- Your assignment
Your copy of the entries below should hold exactly the lines from the one containing "Exchange calendar" to the one containing "Needle and Thread", inclusive, and no pictures.

- Exercise material
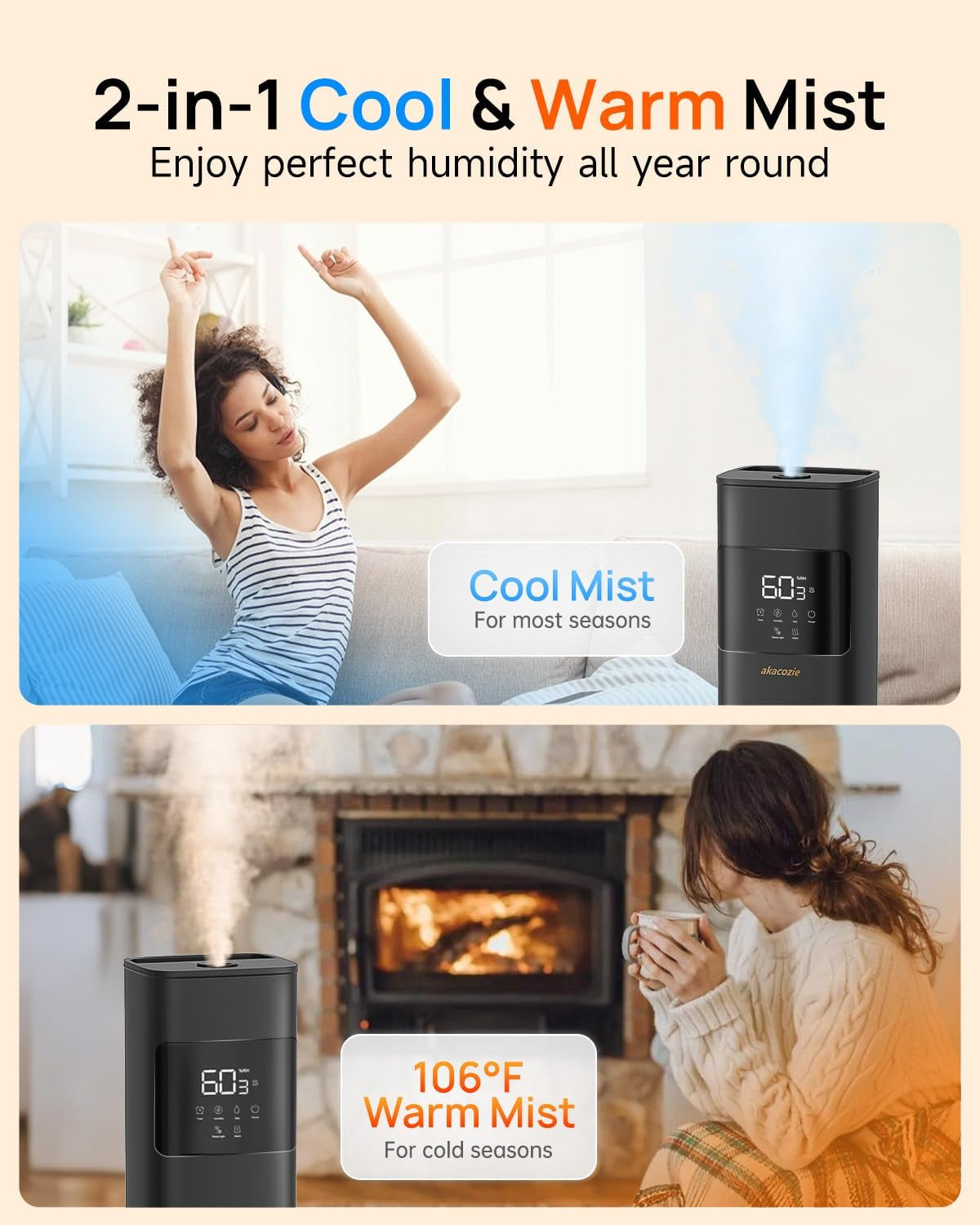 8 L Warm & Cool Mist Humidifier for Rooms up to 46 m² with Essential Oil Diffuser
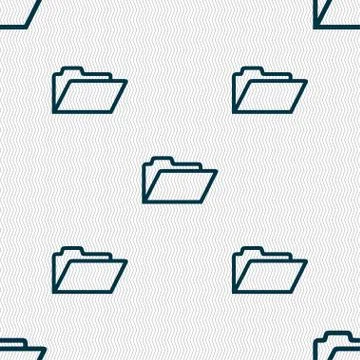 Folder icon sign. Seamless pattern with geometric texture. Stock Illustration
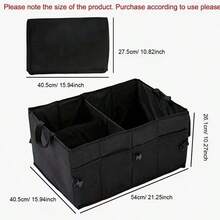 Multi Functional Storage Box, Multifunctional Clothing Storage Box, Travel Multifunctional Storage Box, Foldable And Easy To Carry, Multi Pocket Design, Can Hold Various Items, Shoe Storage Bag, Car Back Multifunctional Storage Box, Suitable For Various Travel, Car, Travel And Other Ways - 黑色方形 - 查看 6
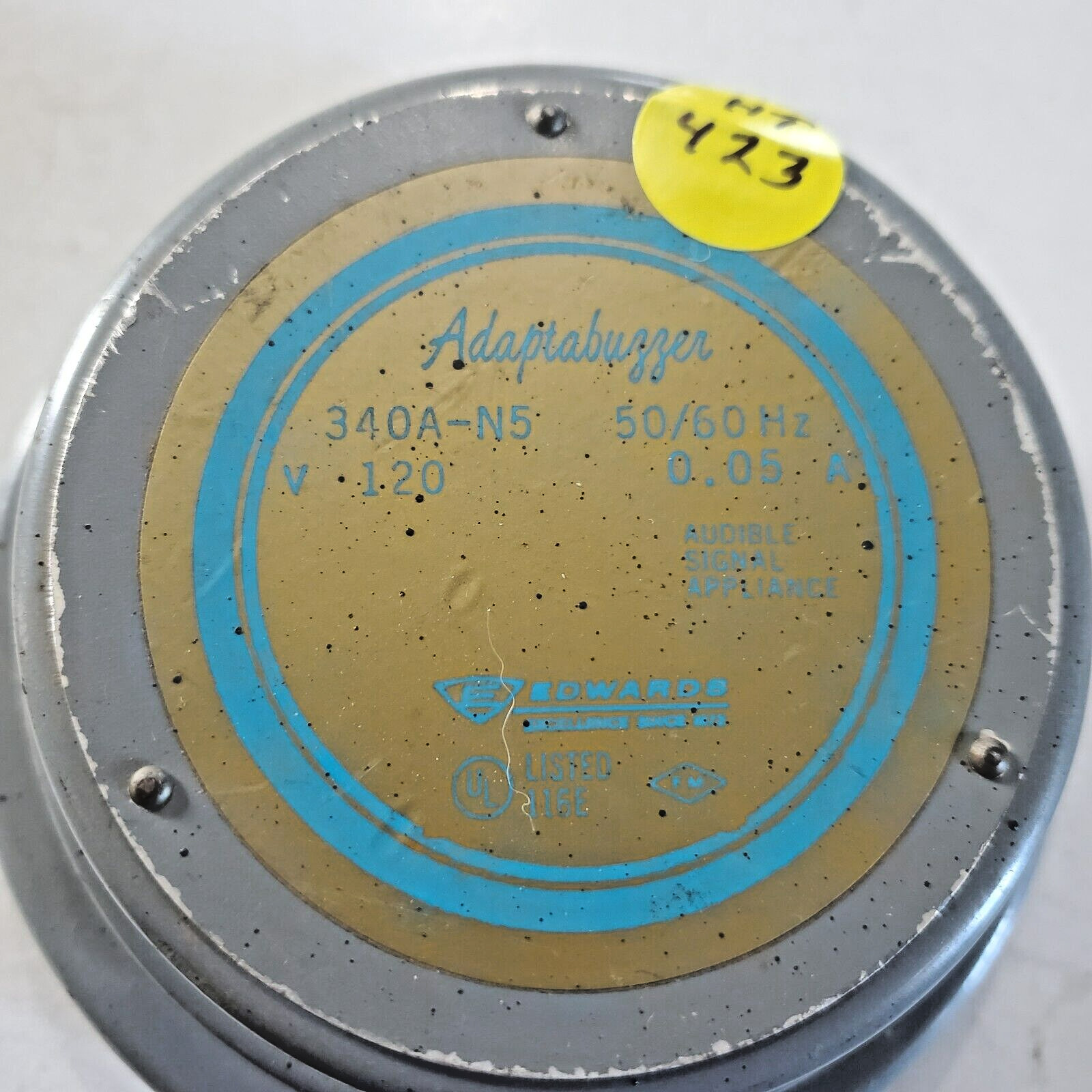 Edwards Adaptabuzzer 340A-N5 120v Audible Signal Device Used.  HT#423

* * *

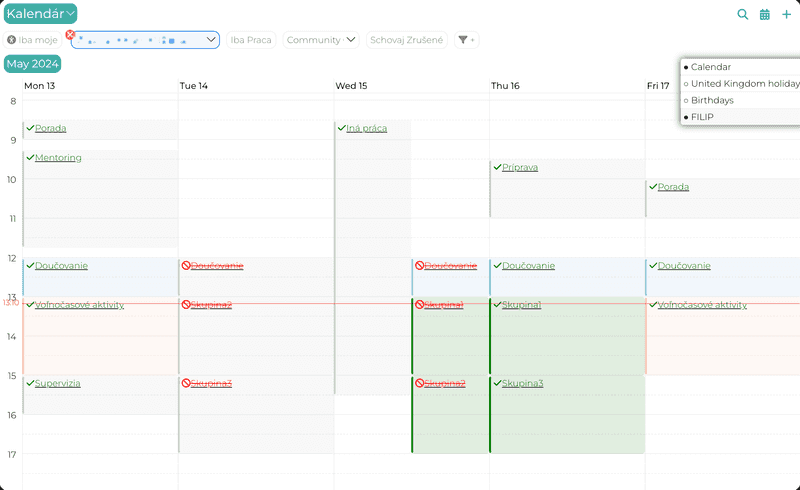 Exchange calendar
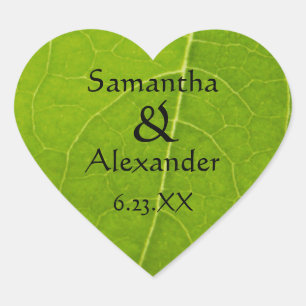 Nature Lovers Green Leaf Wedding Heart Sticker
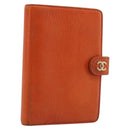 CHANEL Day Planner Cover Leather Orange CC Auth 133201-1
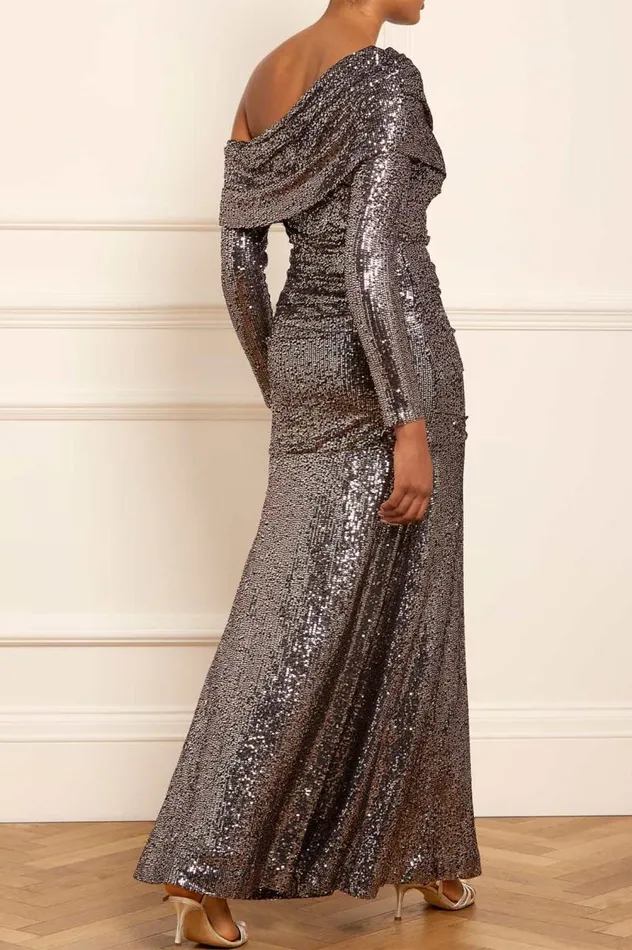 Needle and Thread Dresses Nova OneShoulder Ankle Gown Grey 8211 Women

- Result below
 Exchange calendar
 Nature Lovers Green Leaf Wedding Heart Sticker
 CHANEL Day Planner Cover Leather Orange CC Auth 133201-1
 Needle and Thread Dresses Nova OneShoulder Ankle Gown Grey 8211 Women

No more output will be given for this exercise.